Having undertaken verification activities, ML verification evidence should be collated and reported in terms that are meaningful to the safety engineer with respect to the ML safety requirements and the operating environment. The verification evidence shall be comprehensive and shall clearly demonstrate coverage with respect to the dimensions of variability, and combinations thereof, relevant to the ML safety requirements.
Examples of verification evidence from testing:
DeepXplore [51] and DeepTest [63] provide evidence that can be thought of as similar to software coverage tests for deep neural networks. This technique considers the firing of neurons in a network when exposed to the data samples in the training set. While this is not strictly analogous to traditional coverage measures it allows for the identification of those input samples which are ‘corner‐cases’ with respect to the training data.

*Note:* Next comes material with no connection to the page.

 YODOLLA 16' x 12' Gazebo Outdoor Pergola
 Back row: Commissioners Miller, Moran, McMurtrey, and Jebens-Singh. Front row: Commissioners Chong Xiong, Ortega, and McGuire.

DeepRoad [68] utilises Generative Adversarial Network (GAN) based techniques to synthesize realistic and diverse driving scenarios in order to find inconsistencies in autonomous driving systems. The evidence should enumerate the scenarios examined and the results of the model when presented with these samples as well as the ground truth labels.
Examples of verification evidence from formal verification:
Local robustness property [30]: given a deep neural network and an input region defined by a data sample, local robustness defines a region around the input for which the output of the function defined by the neural network remains unaltered. Evidence is then the samples verified and the dimension of the region for which robustness is proved.
DeepSafe [24] identifies ‘safe regions’ in the input space for classification problems. The input space is first partitioned into regions that are likely to have the same label. These regions are then checked for targeted robustness (i.e. no point in the space can be mapped to a specific incorrect label). More concretely, when considering an unmanned aircraft control system, DeepSafe was able to identify regions for the inputs to the system for which a ‘weak left’ turn advisory would always be returned.